Advancing final arguments in a 1984 anti-Sikh riots case, in which veteran Congress leader Sajjan Kumar has been accused of instigating a mob in Delhi Cantonment area here, CBI counsel R S Cheema said the city police "deliberately" did not act the way it was supposed to.
"This was a case where the police acted in a pre-planned manner and every policemen was keeping his eyes closed," Cheema told Additional Sessions Judge (ASJ) J R Aryan.
He said about 150 complaints were made regarding the riot incidents but only five FIRs were registered by the police.
"Whatever action was taken by the police was taken against the people who helped the Sikhs. Police did not take action against the main culprits. No policeman was recording complaint during the riots. They were not interfering to help the victims," he said.
Cheema said even the police officials, who were defence witnesses in the case, had said in their statements that they had not seen anything during the riots.

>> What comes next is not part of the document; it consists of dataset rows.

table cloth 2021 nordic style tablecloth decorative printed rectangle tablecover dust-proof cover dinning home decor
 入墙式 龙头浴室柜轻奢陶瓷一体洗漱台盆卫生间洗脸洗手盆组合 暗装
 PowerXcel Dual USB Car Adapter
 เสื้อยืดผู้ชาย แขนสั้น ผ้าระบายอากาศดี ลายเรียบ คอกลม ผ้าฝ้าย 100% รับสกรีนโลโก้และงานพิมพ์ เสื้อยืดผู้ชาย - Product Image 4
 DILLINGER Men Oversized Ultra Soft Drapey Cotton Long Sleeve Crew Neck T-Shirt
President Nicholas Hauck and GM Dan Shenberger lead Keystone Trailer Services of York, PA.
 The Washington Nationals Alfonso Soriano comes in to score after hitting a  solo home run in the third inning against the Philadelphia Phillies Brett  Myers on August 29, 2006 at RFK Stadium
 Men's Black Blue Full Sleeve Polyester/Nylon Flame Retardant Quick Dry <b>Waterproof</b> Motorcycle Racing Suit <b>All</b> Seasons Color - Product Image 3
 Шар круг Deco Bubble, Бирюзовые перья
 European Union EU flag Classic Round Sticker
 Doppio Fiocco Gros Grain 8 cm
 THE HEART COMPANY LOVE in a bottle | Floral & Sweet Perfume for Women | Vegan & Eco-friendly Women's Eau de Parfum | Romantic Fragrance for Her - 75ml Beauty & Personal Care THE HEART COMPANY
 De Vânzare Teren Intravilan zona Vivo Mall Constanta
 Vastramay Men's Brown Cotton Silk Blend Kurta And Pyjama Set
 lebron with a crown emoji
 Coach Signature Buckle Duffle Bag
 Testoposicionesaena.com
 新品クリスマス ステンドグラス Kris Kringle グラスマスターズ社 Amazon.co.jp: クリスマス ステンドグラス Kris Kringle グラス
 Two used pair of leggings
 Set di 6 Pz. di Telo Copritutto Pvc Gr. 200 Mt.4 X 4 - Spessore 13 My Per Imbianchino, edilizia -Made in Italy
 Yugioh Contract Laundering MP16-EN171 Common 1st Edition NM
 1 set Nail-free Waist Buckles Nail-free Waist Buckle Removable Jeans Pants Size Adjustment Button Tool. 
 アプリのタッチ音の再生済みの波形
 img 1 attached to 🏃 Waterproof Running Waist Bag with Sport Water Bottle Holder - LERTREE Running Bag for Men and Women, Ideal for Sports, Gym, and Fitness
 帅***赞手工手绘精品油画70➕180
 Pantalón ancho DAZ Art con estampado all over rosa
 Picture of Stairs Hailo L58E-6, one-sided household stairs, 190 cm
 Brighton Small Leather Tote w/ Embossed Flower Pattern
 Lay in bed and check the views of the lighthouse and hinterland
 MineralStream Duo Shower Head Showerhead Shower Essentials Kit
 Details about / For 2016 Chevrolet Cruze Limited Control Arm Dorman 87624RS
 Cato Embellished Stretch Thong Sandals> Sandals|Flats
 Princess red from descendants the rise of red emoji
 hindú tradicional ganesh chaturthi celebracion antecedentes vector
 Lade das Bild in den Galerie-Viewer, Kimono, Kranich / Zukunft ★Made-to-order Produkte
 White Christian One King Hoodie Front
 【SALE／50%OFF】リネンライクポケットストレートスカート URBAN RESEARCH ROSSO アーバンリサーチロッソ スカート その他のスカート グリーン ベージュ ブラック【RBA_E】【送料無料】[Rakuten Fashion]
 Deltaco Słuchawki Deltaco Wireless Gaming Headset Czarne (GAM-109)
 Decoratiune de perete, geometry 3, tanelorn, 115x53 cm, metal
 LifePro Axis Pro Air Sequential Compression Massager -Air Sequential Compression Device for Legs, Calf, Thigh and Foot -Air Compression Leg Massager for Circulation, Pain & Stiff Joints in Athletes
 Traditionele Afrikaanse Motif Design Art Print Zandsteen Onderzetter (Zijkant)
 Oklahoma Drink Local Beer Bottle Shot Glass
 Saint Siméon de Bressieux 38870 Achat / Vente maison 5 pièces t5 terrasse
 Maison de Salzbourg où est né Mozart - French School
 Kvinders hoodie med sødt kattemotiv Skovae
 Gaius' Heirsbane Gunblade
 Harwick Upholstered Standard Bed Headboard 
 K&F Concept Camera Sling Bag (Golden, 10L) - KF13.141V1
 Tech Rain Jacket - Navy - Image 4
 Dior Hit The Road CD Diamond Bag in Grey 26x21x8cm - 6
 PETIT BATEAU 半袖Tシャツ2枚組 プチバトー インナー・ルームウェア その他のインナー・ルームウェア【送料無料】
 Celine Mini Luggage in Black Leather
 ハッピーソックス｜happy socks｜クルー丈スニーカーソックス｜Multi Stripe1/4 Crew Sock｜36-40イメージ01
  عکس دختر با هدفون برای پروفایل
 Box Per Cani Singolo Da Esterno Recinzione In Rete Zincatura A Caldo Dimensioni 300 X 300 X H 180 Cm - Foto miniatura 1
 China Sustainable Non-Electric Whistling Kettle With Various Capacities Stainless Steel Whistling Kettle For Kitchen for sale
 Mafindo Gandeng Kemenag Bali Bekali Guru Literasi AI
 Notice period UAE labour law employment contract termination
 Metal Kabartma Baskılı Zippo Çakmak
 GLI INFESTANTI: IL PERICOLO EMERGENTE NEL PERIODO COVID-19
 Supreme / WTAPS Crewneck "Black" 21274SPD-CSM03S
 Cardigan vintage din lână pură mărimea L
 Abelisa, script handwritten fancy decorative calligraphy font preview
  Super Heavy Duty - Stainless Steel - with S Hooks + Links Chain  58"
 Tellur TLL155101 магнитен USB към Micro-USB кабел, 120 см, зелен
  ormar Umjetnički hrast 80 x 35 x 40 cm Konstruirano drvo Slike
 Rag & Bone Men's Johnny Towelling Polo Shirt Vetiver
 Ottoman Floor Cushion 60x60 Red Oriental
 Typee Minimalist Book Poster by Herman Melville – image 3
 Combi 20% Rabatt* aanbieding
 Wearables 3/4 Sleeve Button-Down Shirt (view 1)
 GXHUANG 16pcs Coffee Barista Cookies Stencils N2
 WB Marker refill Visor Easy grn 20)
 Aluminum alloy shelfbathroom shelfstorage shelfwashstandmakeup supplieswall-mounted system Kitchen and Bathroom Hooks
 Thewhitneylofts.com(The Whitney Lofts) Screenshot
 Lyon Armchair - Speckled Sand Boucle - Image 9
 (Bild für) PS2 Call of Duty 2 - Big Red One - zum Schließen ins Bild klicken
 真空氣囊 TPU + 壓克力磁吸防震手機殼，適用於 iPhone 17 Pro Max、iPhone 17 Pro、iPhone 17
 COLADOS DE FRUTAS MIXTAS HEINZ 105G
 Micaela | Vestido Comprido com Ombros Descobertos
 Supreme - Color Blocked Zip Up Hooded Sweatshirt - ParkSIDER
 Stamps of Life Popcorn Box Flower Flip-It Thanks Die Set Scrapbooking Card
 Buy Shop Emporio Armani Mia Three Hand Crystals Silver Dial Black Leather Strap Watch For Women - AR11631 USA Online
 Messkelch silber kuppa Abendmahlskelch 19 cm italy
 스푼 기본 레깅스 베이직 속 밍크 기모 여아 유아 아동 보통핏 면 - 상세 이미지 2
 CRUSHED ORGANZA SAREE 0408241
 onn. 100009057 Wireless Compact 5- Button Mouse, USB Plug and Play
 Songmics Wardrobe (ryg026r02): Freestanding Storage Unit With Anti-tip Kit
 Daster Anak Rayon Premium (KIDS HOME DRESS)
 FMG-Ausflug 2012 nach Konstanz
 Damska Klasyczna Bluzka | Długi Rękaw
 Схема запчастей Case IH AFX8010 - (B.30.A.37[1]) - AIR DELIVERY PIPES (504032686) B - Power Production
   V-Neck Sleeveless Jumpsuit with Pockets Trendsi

During the arguments, the court asked the prosecutor if the CBI has any "direct evidence" against Sajjan Kumar and other five accused Kishan Khokkar, Girdhari Lal, Mahender Yadav, Balwan Khokkar and Captain Bhagmal to show they were instigating the mob to kill the Sikhs.
"Apart from the witnesses, do you have press reports or photographs published in the newspapers to show that Sajjan Kumar was addressing the mob? Do you have direct evidence against the accused?," the judge asked.
The CBI prosecutor told the court that they do not have the media reports but they have other direct evidences against accused, which he would show to the court on April 2, the next date of hearing.